Gubernur Nusa Tenggara Barat (NTB) menyatakan bahwa proses restorasi Desa Adat Sade di Kabupaten Lombok Tengah akan berlangsung sangat mahal. Pernyataan tersebut disampaikan dalam kaitannya dengan upaya pemeliharaan bangunan tradisional di kawasan wisata yang menjadi ikon budaya Sasak tersebut. Menurut gubernur, biaya besar tidak dapat dihindari karena restorasi harus tetap mempertahankan keaslian konstruksi rumah adat.
Bahan Alami dan Tenaga Pengrajin Jadi Penentu Biaya
Desa Adat Sade dikenal dengan rumah tradisional yang seluruhnya dibangun dari bahan alami. Atapnya terbuat dari alang-alang, dindingnya dari anyaman bambu dan tanah liat, sementara lantainya dilapisi campuran tanah dan kotoran kerbau. Material semacam ini tidak dapat digantikan dengan bahan modern karena akan menghilangkan nilai keaslian yang menjadi daya tarik utama desa tersebut. Akibatnya, setiap perbaikan harus menggunakan bahan sejenis yang harganya kian meningkat seiring terbatasnya ketersediaan.

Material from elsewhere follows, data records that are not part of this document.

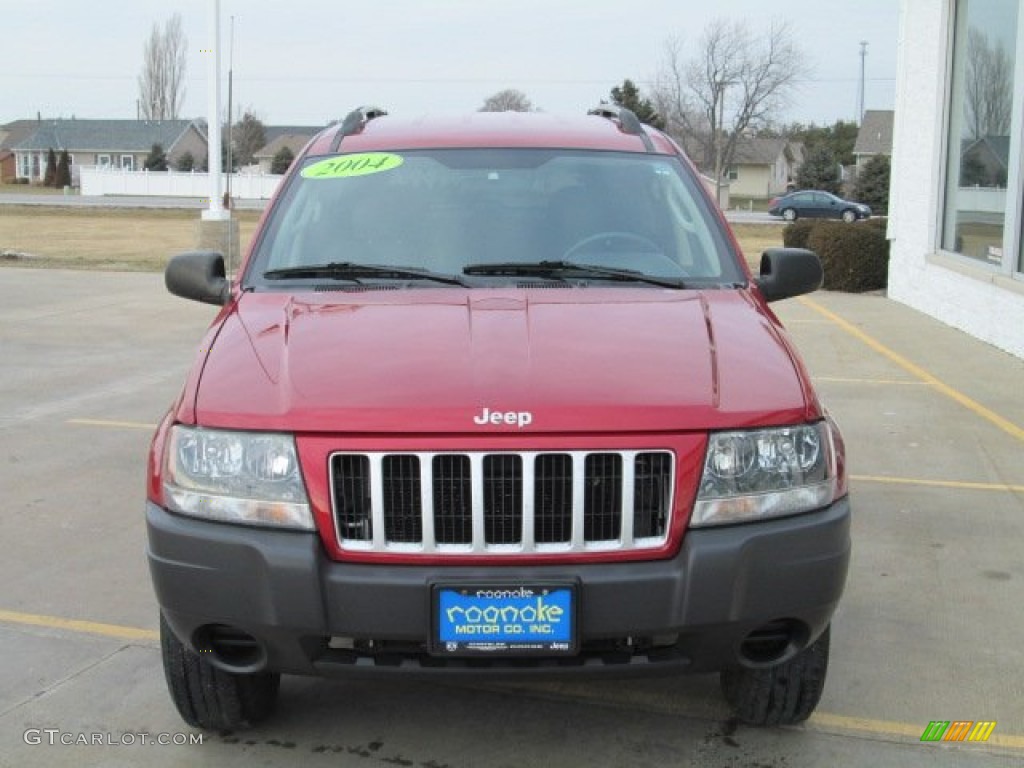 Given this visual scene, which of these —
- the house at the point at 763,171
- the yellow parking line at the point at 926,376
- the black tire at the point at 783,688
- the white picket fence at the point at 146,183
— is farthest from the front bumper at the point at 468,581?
the house at the point at 763,171

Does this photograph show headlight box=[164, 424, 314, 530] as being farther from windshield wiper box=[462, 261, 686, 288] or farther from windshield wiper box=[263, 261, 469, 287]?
windshield wiper box=[462, 261, 686, 288]

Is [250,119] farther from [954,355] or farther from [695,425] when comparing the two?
[695,425]

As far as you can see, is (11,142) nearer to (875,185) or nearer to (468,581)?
(875,185)

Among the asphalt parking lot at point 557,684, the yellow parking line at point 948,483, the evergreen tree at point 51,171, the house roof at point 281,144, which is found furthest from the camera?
the house roof at point 281,144

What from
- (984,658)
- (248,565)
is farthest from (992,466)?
(248,565)

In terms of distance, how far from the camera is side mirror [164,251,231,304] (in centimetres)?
421

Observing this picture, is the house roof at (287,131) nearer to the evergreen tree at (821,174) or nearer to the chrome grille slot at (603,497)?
the evergreen tree at (821,174)

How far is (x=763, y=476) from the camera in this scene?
300cm

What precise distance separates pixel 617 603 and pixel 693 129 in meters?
63.4

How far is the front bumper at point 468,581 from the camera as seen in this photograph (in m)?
2.84

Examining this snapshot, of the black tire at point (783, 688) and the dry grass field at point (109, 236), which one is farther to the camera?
the dry grass field at point (109, 236)

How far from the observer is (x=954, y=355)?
37.8 ft

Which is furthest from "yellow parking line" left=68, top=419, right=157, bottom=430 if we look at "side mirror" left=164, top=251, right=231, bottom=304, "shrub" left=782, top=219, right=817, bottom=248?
"shrub" left=782, top=219, right=817, bottom=248

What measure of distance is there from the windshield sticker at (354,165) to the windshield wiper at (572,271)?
27.5 inches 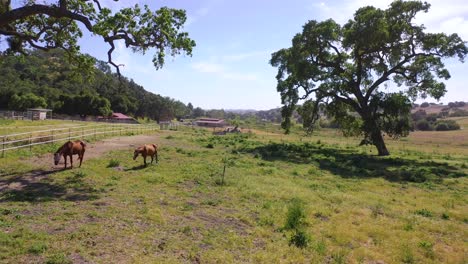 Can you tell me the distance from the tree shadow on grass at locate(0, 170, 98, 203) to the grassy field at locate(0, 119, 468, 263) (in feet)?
0.12

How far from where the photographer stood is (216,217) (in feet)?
38.9

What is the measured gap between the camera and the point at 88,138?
105 feet

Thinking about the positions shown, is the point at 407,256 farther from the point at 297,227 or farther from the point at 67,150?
the point at 67,150

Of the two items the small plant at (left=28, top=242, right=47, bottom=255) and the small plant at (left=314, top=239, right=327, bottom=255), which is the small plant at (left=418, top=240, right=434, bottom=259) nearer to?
the small plant at (left=314, top=239, right=327, bottom=255)

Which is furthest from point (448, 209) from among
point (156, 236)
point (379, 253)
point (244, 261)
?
point (156, 236)

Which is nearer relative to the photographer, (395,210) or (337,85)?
(395,210)

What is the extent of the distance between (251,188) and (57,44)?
494 inches

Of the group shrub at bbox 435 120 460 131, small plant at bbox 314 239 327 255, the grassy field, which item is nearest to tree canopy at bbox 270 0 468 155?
the grassy field

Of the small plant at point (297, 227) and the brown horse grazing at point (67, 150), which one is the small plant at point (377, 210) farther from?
the brown horse grazing at point (67, 150)

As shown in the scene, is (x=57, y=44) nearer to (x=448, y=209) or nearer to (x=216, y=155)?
(x=216, y=155)

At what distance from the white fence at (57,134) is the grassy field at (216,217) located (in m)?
2.81

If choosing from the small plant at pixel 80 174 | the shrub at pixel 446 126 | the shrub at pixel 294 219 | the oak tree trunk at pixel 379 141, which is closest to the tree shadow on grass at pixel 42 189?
the small plant at pixel 80 174

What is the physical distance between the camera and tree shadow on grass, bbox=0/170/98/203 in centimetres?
1215

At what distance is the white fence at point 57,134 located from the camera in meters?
21.9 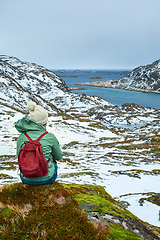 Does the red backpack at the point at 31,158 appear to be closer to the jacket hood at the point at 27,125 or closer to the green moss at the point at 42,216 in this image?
the jacket hood at the point at 27,125

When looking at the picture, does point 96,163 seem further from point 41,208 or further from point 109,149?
point 41,208

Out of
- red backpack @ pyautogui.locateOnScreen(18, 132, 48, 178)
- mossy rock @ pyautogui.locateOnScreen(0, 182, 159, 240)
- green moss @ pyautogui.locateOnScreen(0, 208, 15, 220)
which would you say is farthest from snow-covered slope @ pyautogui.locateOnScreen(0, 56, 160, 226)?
red backpack @ pyautogui.locateOnScreen(18, 132, 48, 178)

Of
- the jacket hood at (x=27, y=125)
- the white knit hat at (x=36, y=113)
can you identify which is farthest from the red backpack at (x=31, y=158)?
the white knit hat at (x=36, y=113)

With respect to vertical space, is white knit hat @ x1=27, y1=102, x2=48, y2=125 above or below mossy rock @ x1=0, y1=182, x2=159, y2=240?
above

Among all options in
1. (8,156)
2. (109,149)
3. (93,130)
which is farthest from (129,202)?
(93,130)

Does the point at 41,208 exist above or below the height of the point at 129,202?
above

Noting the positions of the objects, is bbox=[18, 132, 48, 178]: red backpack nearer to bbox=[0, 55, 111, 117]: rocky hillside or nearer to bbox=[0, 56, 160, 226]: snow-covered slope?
bbox=[0, 56, 160, 226]: snow-covered slope

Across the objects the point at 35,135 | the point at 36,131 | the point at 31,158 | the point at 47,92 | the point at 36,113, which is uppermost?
the point at 47,92

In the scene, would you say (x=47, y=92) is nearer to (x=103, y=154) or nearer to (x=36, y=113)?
(x=103, y=154)

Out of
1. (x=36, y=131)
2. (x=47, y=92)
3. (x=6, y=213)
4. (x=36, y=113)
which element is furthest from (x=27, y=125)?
(x=47, y=92)

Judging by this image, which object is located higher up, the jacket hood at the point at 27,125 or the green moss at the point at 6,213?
the jacket hood at the point at 27,125

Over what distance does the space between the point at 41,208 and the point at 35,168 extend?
1.65m

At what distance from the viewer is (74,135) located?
5888 cm

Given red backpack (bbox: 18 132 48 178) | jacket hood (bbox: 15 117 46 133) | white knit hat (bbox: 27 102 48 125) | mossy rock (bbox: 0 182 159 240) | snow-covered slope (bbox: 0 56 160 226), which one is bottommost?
snow-covered slope (bbox: 0 56 160 226) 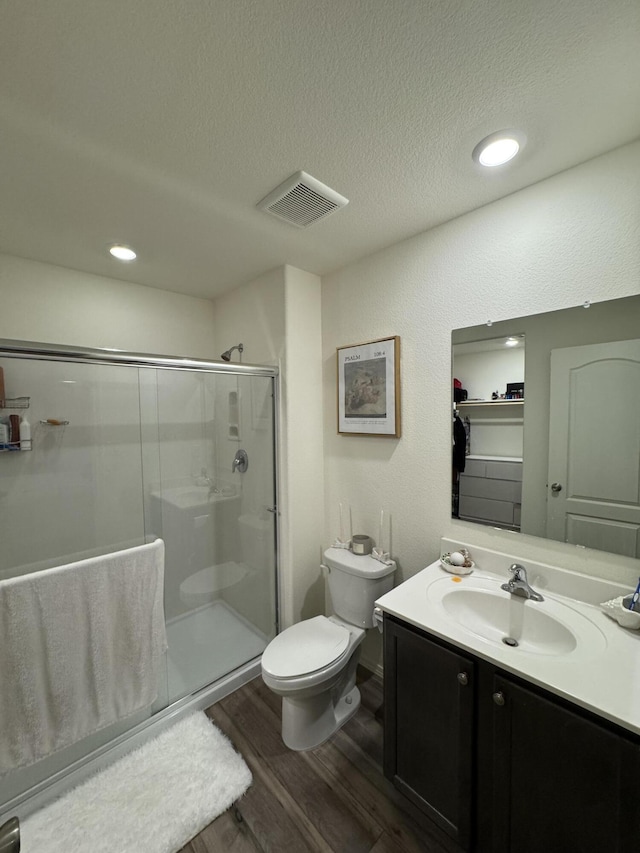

Selain bahan, ketersediaan tenaga pengrajin tradisional menjadi faktor lain yang mendorong tingginya biaya. Pengerjaan rumah adat Sade membutuhkan keterampilan khusus yang diwariskan secara turun-temurun, dan jumlah pengrajin yang menguasai teknik tersebut semakin berkurang. Kombinasi antara material asli yang mahal dan tenaga ahli yang langka membuat proses restorasi memerlukan anggaran yang tidak sedikit.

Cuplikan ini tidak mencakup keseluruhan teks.